--- EXERCISE OBJECTIVE ---
Go through the data below and copy it exactly, skipping every picture.

--- AVAILABLE RECORDS ---
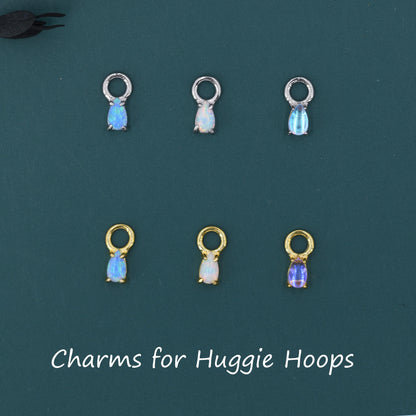 White Opal/Blue Opal/Moonstone Charms for Huggie Hoops, Sterling Silver Droplet Charms, Prong Set, Detachable, Silver, Gold, or Rose Gold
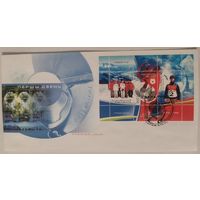 Конверт первого дня гашения "Белорусские спортсмены на ХХ зимних Олимпийских играх в Турине"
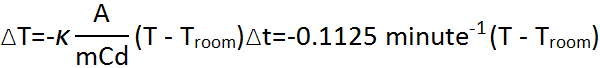 In this experiment, Equation 3 equals -0.1125 per minute times p’ren T minus T room p’ren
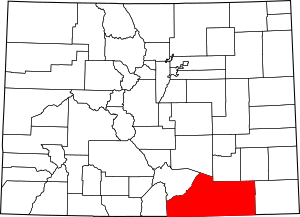 Map of Colorado highlighting Las Animas County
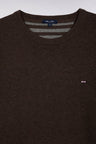 Pull col rond en laine et coton marron foncé
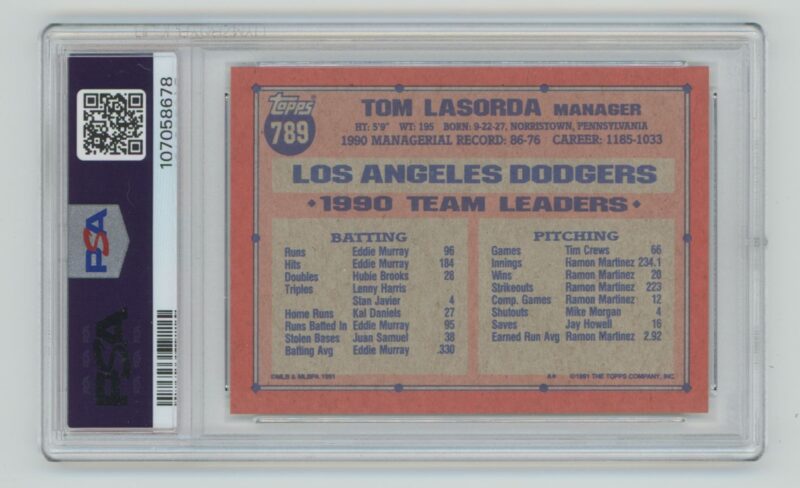 1991 TOPPS TOMMY LASORDA PSA 9 LOS ANGELES DODGERS #789 POP 20 ONLY 9 HIGHER - Image 3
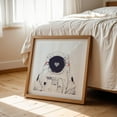 thumbnail image 6 of Astronaut love - Illustration Astronaut Space Modern Art Sci-Fi Minimalist Retro Oak Framed Wall Art Print 16 x 16 inches, 6 of 8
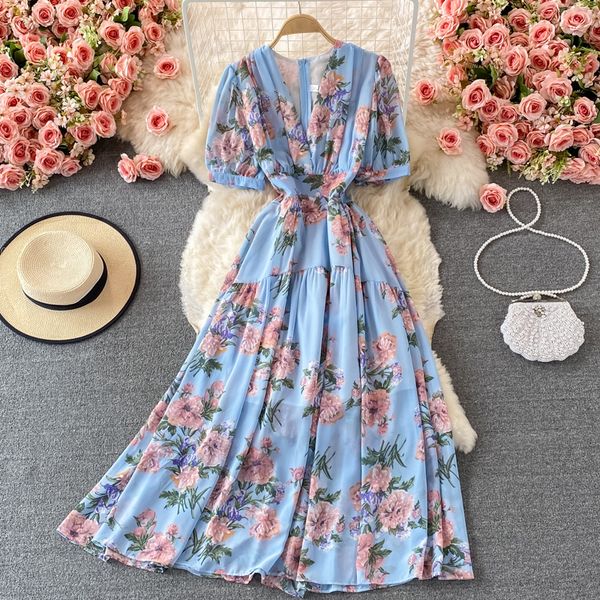 summer bohemian floral long dress for women v-neck short sleeve high waist a-line big swing vestido casual blue robe 2021, Black;gray
summer bohemian floral long dress for women v-neck short sleeve high waist a-line big swing vestido casual blue robe 2021, Black;gray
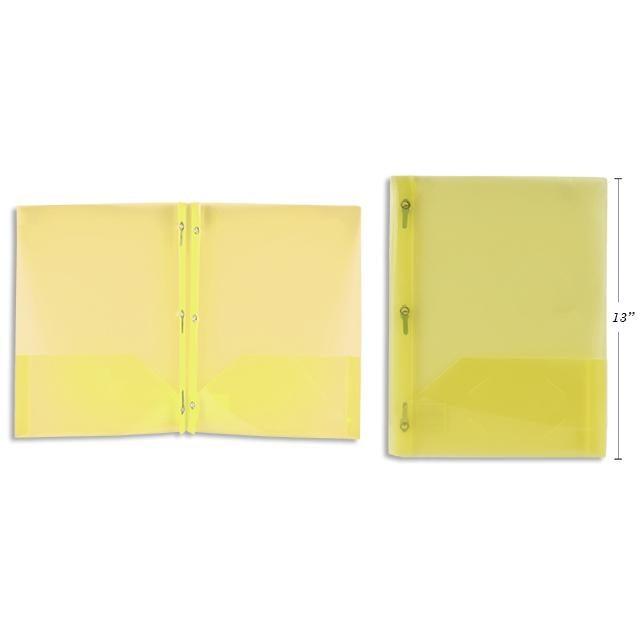 Yellow Translucent Duo-Tang Plastic Portfolio With Prongs & 2 Pockets 8.5X11.25In - Dollar Max Depot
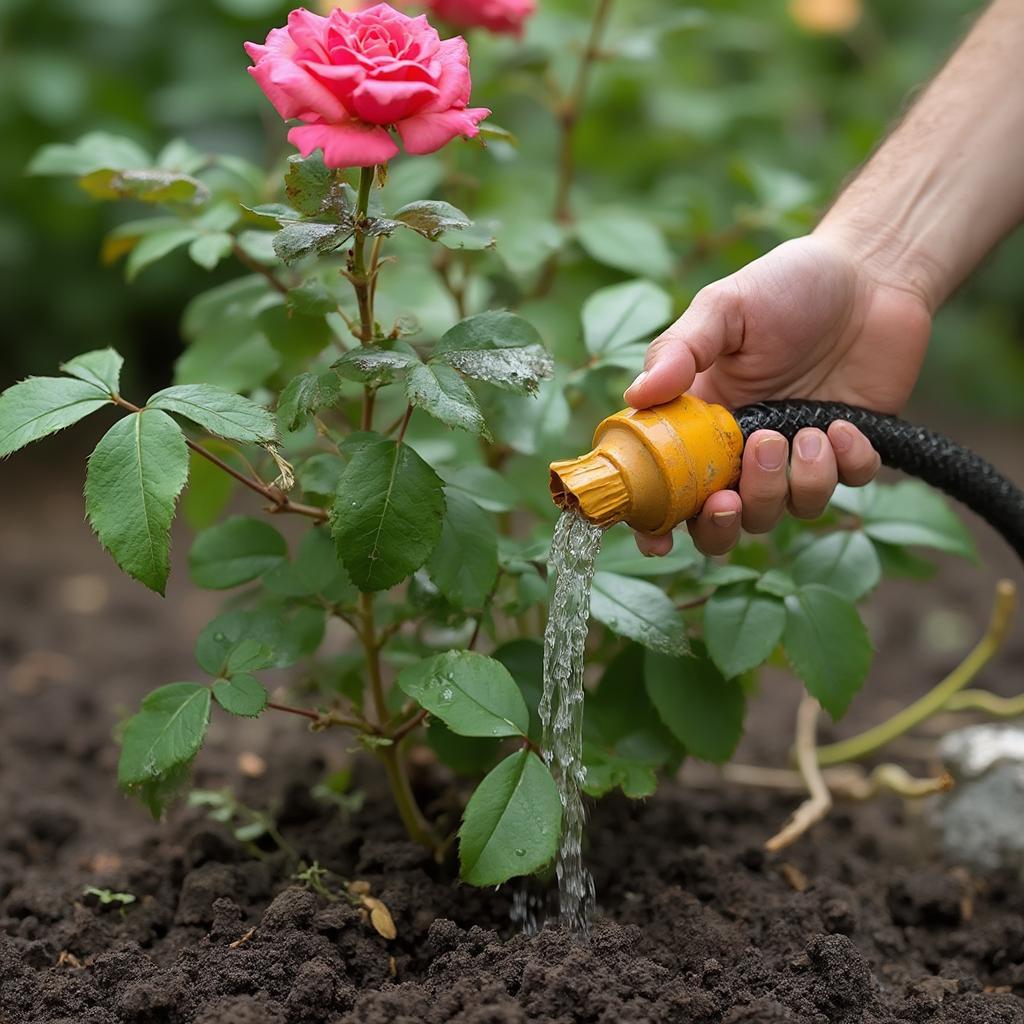 Watering rose bushes correctly to ensure deep root growth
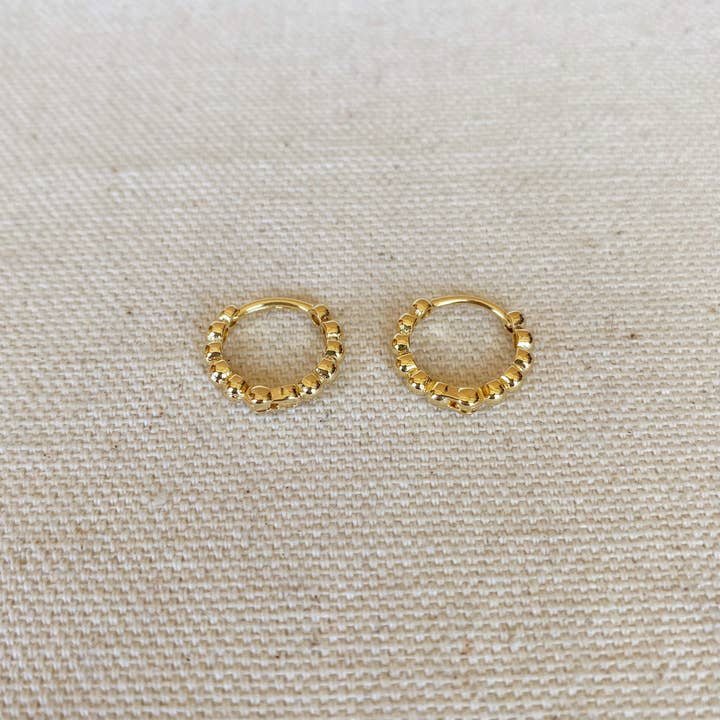GoldFi - Wholesale Hoop Earrings - 18k Gold Filled 15.5 mm Beaded Clicker Hoop Earrings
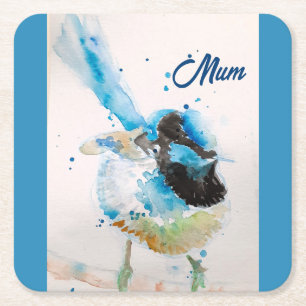 Porta-copo De Papel Quadrado Carrenhão Azul Azul Bebê Aquarela Australiano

--- RESPONSE TO THE TASK ---
 White Opal/Blue Opal/Moonstone Charms for Huggie Hoops, Sterling Silver Droplet Charms, Prong Set, Detachable, Silver, Gold, or Rose Gold
 Конверт первого дня гашения "Белорусские спортсмены на ХХ зимних Олимпийских играх в Турине"
 In this experiment, Equation 3 equals -0.1125 per minute times p’ren T minus T room p’ren
 Map of Colorado highlighting Las Animas County
 Pull col rond en laine et coton marron foncé
 1991 TOPPS TOMMY LASORDA PSA 9 LOS ANGELES DODGERS #789 POP 20 ONLY 9 HIGHER - Image 3
 thumbnail image 6 of Astronaut love - Illustration Astronaut Space Modern Art Sci-Fi Minimalist Retro Oak Framed Wall Art Print 16 x 16 inches, 6 of 8
 summer bohemian floral long dress for women v-neck short sleeve high waist a-line big swing vestido casual blue robe 2021, Black;gray
summer bohemian floral long dress for women v-neck short sleeve high waist a-line big swing vestido casual blue robe 2021, Black;gray
 Yellow Translucent Duo-Tang Plastic Portfolio With Prongs & 2 Pockets 8.5X11.25In - Dollar Max Depot
 Watering rose bushes correctly to ensure deep root growth
GoldFi - Wholesale Hoop Earrings - 18k Gold Filled 15.5 mm Beaded Clicker Hoop Earrings
 Porta-copo De Papel Quadrado Carrenhão Azul Azul Bebê Aquarela Australiano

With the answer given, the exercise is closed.